Tous les ans, c’est la même rengaine. Et chacun dégaine. Son gourdin ou ses arguments…

…au final ça va mal. Mâle, femelle, c’est égal. Mais, touchez pas aux bébés. Les blanchons, blancs comme neige, ne feraient pas de mal à un mioche. C’est presque à coups de pioche que leurs parents se font massacrer, mais eux seront saufs. Sauf votre respect, je ne sais que penser !

Chassons les phoques !, disent les uns, Phoque les chasseurs !, disent les autres.Aux Iles de la Madeleine, au Canada, il paraîtrait que les phoques sont en expansion, qu’il y en aurait plus que dans les années 70. Ils auraient à bouffer, eux. Parce que sinon, niveau banquise, c’est plutôt un peu partout de la glace nature, ça tient plus du frigo vide, que connaissent bien les étudiants. Etudions donc la question : peut-on tuer les phoques comme on tue, ailleurs, les moutons, les chasseurs assurant leur méthode indolore (validée par le comité vétérinaire canadien !), dans les zones où il y en a encore beaucoup ? Coup de poker assuré, rappelons-le, puisque la peau est vendue pour les fourrures russes et asiatiques, la graisse destinée aux cosmétiques, donc à rougir les lèvres de madame Tout-le-monde ou madame de Fontenay, comme vous voulez. La viande est consommée sur place. Le phoque c’est leur madeleine de Proust à eux, les Madelinots : ils ne jurent que par son odeur de pneu crevé. Aussitôt tous tués, ils se languissent de la prochaine saison où l’animal fera son retour.

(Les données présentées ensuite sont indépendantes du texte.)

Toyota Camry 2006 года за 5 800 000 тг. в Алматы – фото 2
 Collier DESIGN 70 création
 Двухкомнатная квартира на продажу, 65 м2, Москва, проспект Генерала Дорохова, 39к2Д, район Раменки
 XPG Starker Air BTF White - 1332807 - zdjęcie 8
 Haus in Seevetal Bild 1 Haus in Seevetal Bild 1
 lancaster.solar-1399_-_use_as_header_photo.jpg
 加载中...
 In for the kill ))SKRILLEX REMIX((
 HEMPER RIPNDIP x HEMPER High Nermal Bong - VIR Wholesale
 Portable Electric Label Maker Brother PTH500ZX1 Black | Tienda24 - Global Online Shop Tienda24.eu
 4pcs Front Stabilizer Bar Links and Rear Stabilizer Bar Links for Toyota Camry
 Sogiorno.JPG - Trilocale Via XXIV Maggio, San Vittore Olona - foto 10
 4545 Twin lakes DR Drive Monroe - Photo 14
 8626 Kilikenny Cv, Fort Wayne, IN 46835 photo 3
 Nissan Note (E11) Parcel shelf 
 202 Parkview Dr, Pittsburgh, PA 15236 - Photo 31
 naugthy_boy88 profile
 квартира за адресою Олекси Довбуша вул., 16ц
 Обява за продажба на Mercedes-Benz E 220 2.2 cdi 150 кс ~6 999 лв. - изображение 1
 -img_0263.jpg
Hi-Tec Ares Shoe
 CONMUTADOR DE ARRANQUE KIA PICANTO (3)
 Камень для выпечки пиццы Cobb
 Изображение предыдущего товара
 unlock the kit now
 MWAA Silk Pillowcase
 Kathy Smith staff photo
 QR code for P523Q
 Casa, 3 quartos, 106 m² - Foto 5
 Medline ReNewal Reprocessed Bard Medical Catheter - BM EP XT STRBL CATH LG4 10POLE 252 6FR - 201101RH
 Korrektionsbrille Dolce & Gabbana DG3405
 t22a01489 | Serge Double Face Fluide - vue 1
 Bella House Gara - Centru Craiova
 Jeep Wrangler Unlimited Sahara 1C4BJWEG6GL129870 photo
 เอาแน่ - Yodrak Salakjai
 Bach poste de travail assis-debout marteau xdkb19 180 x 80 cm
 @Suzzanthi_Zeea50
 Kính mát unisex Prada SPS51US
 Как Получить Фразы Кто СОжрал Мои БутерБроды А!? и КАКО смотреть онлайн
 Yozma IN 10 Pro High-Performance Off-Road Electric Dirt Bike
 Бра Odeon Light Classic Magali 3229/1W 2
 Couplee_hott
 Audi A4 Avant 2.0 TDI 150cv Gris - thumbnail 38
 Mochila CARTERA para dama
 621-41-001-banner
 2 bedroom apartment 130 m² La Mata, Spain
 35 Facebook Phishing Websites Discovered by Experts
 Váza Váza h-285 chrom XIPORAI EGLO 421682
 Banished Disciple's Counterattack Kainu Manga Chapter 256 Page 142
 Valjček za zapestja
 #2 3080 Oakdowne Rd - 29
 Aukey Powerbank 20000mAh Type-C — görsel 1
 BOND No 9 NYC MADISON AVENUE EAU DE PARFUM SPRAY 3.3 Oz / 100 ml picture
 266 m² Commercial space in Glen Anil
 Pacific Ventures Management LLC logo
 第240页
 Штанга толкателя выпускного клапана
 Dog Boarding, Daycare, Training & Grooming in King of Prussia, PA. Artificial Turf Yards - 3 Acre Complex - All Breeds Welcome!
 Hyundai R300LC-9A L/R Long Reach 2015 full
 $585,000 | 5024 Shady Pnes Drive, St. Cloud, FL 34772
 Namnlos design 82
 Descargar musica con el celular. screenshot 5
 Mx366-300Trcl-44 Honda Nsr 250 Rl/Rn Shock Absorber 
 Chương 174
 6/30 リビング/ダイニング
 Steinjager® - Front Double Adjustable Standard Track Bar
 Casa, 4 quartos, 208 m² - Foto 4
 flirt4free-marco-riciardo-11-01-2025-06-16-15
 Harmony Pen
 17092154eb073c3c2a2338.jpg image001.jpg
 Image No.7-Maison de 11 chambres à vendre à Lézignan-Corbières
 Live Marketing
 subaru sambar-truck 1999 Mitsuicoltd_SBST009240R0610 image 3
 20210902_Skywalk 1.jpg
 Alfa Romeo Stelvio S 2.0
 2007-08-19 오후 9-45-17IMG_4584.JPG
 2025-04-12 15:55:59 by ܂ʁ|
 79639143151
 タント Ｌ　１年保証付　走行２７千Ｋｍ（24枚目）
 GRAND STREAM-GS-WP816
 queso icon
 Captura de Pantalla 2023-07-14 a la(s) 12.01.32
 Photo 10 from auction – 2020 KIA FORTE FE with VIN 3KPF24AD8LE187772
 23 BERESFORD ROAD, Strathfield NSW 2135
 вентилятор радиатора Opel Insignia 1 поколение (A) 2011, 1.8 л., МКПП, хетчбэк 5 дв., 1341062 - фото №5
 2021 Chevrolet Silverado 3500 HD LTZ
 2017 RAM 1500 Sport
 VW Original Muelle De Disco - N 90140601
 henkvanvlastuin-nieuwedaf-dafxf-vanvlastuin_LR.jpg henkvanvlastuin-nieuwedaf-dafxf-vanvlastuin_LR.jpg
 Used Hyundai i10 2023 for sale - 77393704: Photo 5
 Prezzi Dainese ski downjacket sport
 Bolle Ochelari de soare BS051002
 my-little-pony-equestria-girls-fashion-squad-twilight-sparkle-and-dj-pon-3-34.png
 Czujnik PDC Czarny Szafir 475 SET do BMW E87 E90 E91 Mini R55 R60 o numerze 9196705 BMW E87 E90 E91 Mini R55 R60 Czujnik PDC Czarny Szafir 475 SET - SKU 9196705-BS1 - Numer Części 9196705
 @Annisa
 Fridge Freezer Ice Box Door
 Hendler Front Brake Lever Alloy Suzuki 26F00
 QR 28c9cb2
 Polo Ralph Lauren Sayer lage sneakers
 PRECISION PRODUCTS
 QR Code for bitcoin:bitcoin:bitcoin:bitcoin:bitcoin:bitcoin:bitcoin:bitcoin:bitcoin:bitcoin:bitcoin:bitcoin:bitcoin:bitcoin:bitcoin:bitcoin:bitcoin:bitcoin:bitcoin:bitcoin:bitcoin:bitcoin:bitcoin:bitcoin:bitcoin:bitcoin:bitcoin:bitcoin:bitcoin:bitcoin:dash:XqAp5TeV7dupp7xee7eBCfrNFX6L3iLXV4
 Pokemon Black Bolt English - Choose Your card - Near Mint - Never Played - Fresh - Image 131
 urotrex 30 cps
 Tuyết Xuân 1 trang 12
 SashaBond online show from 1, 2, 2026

La chasse est une activité pratiquée par biens des hommes et qui me laisse perplexe.Prétexte numéro un : se nourrir. On ne manquera pas de rappeler à l’écolo que je suis que les animaux se chassent entre eux… Certes… Certes. Néanmoins, il me semble que les hommes qui chassent en tirent du plaisir. Ah ! Immobiliser la proie innocente, la frapper à mort, lui enlever son pyjama à doublure rouge, mordre la pomme d’Adam à pleines dents (les phoques ont-ils une pomme d’Adam, au fait ?). En un mot : dominer, achever, tuer, maîtriser. Oui, ça fait quatre, mais pour César en conquête rien n’est trop beau. Et en rentrant, Toutou aura mieux que du César à manger et Mimine en aura pour son grade, son mâle fort de sa virilité retrouvée voulant lui en faire tâter. Je divague… Mais j’ai du vague à l’âme quand on mutile les âme, emportées par les vagues. Et pourtant, quand les Inuits tuent des phoques, on trouve ça plus facilement normal. A part qu’eux ont de moins en moins de gras à se mettre sous les canines, les poissons qui nourrissent leurs phoques étant en disparition. Le monde est mal fait, dira-t-on. Moi je dis que c’est plutôt l’homme. Quand un soi-disant défenseur des phoques déclare que la mort de chasseurs embusqués dans les glaces n’est pas grave, on tombe bien bas. Quand pro-phoque devient provoque.

Pendant ce temps, c’est sûr, la glace a encore gagné. La nature demande à l’homme : t’es qui, là ? Et l’aime bien frappé.